# Task to complete
For the listing below, output exactly the lines from the line with "درمان زخم پای دیابتی در سالاریه قم" up to and including the line with "ابتسامة هوليوود - قبل وبعد - عيادة جلو أب", and no other lines.
START Data to use
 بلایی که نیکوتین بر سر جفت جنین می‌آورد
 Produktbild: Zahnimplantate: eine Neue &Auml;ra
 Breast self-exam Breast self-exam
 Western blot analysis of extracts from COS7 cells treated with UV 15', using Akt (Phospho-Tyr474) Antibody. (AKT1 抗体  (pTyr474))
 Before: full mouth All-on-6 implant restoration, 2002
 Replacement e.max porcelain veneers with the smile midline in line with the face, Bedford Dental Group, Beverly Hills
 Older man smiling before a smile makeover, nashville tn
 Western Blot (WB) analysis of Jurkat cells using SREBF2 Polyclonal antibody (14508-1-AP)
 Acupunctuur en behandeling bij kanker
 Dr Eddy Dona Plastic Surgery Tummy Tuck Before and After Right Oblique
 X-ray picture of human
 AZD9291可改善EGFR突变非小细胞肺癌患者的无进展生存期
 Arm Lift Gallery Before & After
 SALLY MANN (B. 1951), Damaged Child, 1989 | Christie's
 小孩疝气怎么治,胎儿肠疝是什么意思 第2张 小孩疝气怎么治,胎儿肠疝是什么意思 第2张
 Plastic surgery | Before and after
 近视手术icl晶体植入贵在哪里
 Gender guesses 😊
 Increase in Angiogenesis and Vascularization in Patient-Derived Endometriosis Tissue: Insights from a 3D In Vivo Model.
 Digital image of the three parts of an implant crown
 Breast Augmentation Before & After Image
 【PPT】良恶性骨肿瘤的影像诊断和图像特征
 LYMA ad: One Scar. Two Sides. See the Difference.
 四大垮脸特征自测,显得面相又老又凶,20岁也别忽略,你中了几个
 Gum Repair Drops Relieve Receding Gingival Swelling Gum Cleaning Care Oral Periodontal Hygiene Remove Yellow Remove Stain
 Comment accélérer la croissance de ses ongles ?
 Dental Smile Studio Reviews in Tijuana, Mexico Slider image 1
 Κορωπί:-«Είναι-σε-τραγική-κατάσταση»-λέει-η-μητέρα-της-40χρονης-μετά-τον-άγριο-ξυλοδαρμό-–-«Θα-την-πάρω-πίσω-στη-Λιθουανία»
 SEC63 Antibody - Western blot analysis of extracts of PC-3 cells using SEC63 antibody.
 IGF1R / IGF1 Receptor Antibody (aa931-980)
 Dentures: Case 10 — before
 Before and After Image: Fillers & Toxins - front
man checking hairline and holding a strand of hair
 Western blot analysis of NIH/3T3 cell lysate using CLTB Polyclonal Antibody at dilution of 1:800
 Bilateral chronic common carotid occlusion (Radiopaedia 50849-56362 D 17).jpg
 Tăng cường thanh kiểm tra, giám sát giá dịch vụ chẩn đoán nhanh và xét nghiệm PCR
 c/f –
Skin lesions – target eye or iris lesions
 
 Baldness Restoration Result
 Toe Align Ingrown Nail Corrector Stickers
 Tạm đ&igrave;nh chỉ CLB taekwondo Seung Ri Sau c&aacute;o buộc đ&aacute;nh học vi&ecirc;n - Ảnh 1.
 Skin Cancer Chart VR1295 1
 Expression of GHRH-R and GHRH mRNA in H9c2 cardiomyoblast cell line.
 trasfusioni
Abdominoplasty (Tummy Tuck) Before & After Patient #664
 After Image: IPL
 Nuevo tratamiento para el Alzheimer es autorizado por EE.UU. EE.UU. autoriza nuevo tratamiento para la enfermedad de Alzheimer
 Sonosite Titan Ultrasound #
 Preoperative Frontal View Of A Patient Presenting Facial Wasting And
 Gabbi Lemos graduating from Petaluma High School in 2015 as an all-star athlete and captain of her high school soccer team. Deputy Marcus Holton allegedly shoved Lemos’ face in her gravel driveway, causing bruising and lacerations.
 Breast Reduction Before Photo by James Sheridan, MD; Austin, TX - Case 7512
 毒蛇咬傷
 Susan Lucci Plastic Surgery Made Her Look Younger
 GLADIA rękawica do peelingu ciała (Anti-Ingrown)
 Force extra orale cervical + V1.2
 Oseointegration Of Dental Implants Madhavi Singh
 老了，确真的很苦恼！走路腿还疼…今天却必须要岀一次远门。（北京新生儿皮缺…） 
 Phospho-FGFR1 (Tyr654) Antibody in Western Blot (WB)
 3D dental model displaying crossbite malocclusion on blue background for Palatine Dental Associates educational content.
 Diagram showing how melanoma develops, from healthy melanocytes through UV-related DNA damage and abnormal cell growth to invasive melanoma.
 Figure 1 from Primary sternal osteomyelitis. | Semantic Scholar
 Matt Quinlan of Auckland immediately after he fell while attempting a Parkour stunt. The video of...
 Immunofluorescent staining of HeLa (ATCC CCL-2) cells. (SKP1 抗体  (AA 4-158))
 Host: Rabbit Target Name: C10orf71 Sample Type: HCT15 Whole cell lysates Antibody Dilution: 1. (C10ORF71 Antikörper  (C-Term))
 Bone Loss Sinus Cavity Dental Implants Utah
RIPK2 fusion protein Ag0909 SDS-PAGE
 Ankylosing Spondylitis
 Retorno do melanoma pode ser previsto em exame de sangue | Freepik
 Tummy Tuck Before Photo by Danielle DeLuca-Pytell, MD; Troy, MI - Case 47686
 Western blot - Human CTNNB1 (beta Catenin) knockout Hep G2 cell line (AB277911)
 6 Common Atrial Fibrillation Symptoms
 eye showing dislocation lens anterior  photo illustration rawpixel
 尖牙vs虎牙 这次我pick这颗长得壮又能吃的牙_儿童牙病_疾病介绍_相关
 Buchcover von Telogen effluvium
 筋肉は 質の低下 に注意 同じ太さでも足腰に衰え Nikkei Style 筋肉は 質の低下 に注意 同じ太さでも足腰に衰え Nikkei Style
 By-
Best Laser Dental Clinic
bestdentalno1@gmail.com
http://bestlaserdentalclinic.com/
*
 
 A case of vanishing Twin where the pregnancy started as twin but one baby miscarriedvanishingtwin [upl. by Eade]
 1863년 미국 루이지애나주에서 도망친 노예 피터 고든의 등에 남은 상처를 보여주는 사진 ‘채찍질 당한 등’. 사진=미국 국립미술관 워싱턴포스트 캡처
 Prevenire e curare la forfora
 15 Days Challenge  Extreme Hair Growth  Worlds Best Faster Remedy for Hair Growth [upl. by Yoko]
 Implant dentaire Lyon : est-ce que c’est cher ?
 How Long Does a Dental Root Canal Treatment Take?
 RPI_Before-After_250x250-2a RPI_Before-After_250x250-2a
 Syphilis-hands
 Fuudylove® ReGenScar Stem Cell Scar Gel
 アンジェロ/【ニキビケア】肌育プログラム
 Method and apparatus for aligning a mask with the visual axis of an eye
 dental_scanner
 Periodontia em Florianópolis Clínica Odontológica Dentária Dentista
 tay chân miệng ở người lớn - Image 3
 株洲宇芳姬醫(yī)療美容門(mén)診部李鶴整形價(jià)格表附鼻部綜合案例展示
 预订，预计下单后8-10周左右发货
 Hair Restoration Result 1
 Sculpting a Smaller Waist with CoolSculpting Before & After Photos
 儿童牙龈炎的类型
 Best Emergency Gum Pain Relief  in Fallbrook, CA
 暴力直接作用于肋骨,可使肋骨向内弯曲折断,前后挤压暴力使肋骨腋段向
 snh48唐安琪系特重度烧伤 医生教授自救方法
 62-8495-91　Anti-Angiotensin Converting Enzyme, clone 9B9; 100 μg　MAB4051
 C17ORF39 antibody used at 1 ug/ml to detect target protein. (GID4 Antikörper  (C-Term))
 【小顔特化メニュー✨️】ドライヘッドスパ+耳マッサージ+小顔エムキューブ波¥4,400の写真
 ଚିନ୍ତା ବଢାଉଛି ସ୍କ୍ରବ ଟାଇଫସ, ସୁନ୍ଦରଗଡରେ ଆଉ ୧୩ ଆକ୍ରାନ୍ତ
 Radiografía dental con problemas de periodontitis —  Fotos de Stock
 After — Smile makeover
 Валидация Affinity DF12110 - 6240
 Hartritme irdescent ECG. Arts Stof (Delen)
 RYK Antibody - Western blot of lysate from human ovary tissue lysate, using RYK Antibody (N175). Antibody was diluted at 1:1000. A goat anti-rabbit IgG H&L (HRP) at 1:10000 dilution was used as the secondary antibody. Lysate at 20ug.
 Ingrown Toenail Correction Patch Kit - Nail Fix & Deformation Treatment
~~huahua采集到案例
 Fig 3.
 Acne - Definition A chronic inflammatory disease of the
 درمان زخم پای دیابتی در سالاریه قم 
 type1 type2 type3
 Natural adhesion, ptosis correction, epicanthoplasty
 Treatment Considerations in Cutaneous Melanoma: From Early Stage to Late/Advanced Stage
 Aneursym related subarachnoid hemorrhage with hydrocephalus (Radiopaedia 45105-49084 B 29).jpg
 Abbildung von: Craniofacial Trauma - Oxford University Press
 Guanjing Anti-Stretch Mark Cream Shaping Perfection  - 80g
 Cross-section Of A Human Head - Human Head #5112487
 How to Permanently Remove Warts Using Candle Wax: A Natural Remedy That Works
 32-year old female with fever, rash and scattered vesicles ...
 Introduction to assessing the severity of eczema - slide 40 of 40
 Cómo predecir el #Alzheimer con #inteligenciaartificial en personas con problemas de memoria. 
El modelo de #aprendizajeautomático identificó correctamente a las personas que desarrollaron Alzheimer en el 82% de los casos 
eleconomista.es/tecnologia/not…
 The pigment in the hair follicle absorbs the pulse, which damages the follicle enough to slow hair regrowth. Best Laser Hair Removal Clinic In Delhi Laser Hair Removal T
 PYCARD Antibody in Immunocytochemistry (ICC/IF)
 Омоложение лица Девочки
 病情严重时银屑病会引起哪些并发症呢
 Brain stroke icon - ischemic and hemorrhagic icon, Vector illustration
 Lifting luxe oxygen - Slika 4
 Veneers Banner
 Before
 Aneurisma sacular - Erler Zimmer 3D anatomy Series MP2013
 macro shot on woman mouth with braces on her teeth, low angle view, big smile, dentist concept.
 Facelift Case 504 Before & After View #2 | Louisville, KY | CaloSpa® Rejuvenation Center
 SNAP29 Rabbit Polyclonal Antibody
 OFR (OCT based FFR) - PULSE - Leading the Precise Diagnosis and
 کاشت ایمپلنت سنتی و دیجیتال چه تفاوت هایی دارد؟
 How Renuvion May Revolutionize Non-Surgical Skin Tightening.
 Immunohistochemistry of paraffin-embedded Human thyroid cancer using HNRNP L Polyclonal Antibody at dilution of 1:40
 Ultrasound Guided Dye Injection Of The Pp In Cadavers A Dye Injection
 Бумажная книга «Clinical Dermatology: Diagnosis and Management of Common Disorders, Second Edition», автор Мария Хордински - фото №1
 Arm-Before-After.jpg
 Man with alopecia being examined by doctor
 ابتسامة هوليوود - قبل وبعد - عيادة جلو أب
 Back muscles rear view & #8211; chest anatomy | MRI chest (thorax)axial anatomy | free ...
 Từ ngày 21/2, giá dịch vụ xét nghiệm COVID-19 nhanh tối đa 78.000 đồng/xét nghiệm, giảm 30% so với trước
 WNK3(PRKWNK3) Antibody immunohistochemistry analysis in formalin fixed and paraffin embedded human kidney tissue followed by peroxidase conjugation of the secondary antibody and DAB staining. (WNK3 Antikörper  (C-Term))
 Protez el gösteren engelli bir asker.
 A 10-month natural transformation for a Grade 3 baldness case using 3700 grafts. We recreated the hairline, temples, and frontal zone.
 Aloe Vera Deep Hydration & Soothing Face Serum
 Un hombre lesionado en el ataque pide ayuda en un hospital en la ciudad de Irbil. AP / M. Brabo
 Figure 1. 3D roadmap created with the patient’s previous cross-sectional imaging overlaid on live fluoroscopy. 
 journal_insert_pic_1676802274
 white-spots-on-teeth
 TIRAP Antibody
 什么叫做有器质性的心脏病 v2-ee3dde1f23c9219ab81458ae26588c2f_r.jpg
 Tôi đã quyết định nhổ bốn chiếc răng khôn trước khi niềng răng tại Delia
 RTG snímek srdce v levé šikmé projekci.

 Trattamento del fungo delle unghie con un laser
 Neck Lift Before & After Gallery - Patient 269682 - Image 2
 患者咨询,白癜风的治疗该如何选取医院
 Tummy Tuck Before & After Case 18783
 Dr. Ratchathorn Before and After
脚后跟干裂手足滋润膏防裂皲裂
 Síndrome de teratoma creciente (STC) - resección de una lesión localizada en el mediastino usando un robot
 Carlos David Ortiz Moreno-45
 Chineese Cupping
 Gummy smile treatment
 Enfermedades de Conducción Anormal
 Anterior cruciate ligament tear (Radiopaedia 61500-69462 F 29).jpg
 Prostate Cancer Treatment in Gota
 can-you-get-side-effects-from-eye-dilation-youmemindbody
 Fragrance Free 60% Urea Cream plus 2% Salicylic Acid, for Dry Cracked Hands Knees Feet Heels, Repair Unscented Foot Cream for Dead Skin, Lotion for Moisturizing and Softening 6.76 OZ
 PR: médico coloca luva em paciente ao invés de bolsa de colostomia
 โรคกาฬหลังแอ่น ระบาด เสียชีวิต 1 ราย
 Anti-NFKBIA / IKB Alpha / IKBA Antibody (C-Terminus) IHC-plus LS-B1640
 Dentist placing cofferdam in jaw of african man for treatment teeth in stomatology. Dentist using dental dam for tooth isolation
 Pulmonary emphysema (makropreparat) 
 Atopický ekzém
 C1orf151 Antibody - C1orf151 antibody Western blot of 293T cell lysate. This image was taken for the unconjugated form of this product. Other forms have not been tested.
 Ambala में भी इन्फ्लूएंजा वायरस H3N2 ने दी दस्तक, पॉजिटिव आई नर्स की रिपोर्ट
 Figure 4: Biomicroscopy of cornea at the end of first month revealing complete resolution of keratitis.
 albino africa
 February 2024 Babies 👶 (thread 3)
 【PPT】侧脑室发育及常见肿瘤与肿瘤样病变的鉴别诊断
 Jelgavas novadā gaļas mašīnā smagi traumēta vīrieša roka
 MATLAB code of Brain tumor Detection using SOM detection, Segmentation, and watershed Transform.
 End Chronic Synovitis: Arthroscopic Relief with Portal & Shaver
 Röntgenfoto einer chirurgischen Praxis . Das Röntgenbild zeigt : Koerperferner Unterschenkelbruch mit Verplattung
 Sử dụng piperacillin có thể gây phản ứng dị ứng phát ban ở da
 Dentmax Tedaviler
END Data to use
# Reply
 درمان زخم پای دیابتی در سالاریه قم 
 type1 type2 type3
 Natural adhesion, ptosis correction, epicanthoplasty
 Treatment Considerations in Cutaneous Melanoma: From Early Stage to Late/Advanced Stage
 Aneursym related subarachnoid hemorrhage with hydrocephalus (Radiopaedia 45105-49084 B 29).jpg
 Abbildung von: Craniofacial Trauma - Oxford University Press
 Guanjing Anti-Stretch Mark Cream Shaping Perfection  - 80g
 Cross-section Of A Human Head - Human Head #5112487
 How to Permanently Remove Warts Using Candle Wax: A Natural Remedy That Works
 32-year old female with fever, rash and scattered vesicles ...
 Introduction to assessing the severity of eczema - slide 40 of 40
 Cómo predecir el #Alzheimer con #inteligenciaartificial en personas con problemas de memoria. 
El modelo de #aprendizajeautomático identificó correctamente a las personas que desarrollaron Alzheimer en el 82% de los casos 
eleconomista.es/tecnologia/not…
 The pigment in the hair follicle absorbs the pulse, which damages the follicle enough to slow hair regrowth. Best Laser Hair Removal Clinic In Delhi Laser Hair Removal T
 PYCARD Antibody in Immunocytochemistry (ICC/IF)
 Омоложение лица Девочки
 病情严重时银屑病会引起哪些并发症呢
 Brain stroke icon - ischemic and hemorrhagic icon, Vector illustration
 Lifting luxe oxygen - Slika 4
 Veneers Banner
 Before
 Aneurisma sacular - Erler Zimmer 3D anatomy Series MP2013
 macro shot on woman mouth with braces on her teeth, low angle view, big smile, dentist concept.
 Facelift Case 504 Before & After View #2 | Louisville, KY | CaloSpa® Rejuvenation Center
 SNAP29 Rabbit Polyclonal Antibody
 OFR (OCT based FFR) - PULSE - Leading the Precise Diagnosis and
 کاشت ایمپلنت سنتی و دیجیتال چه تفاوت هایی دارد؟
 How Renuvion May Revolutionize Non-Surgical Skin Tightening.
 Immunohistochemistry of paraffin-embedded Human thyroid cancer using HNRNP L Polyclonal Antibody at dilution of 1:40
 Ultrasound Guided Dye Injection Of The Pp In Cadavers A Dye Injection
 Бумажная книга «Clinical Dermatology: Diagnosis and Management of Common Disorders, Second Edition», автор Мария Хордински - фото №1
 Arm-Before-After.jpg
 Man with alopecia being examined by doctor
 ابتسامة هوليوود - قبل وبعد - عيادة جلو أب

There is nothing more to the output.